Thanks for reading this so far.

Andy

I would be looking into this more. It may be the Enphase can actually do what you need. Indeed I’d have thought it should have this capability since dynamic export/production control is a requirement for grid tied solar PV inverters in Australia.

I am by no means well versed in Enphase but I believe Enlighten Manager has a setting “Power Production Limiting by Gateway

e.g.:
https://support.enphase.com/s/question/0D53m00009YROWYCA5/is-there-a-way-to-limit-the-solar-exports-from-iq7a-microinverters-the-wholesale-electricity-price-is-often-negative-during-the-day-in-australia-0

I have exactly the same setup: 2 x Primo and only the first one can be limited using modbus. Did anybody find a solution to also limit the second inverter?

I did actually.
You need to address each inverter directly
unit:1, unit:2, etc with the same instructions for each.

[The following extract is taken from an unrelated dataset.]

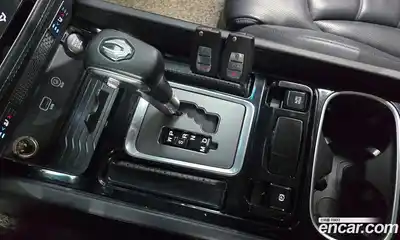 SsangYong Rexton 2019 2.2 Автомат в Москве № 1233039, миниатюра 9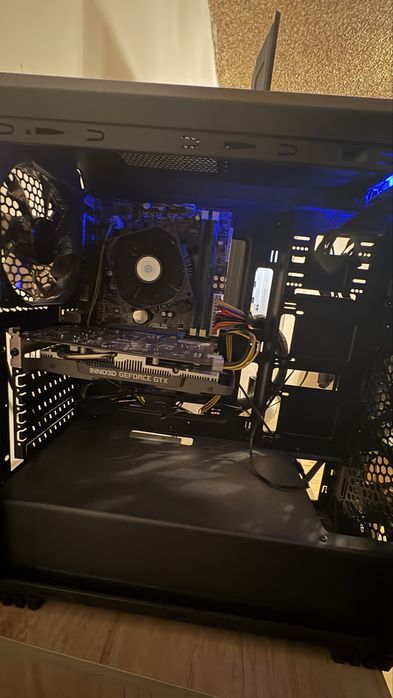 Intel Core i7-3770 CPU 2x 3.40GHz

So, the fronius-auth-proxy stopped working a while ago. I did raise an issue, but have received no response from the developers.

So, I decided to roll my own solution.

This is decidedly heavier than what they were doing as I’m using a headless firefox instance to actually use their site properly. But, I think it’s less likely to spontaneously break, unless fronius fundamentally change their site.

Anyway, it can be found at GitHub - shadow7412/fronius-driver: Syncs the value in a helper entity in home assistant to a fronius inverter's soft limit field.

Basically, I just have a helper in home assistant with the desired value, and an automation that fires on startup or when that value changes which fires a command which runs the docker version of this.

Hi,
does anybody knows, if a dynamic power reduction native algo with maximum feed-in value is posible to activate/deactivate via modbusTCP holding register please ?
Full question

I thing, that dynamic algo is not possible via modbus register controll. I would like to speak with some Fronius inverter programmer. Native algo can dynamically follows consumtion, so feed-in value can be automatiocally hold on minimum. But I can’t reach over phone, email Fronius support. Our czech support isn’t able to answer.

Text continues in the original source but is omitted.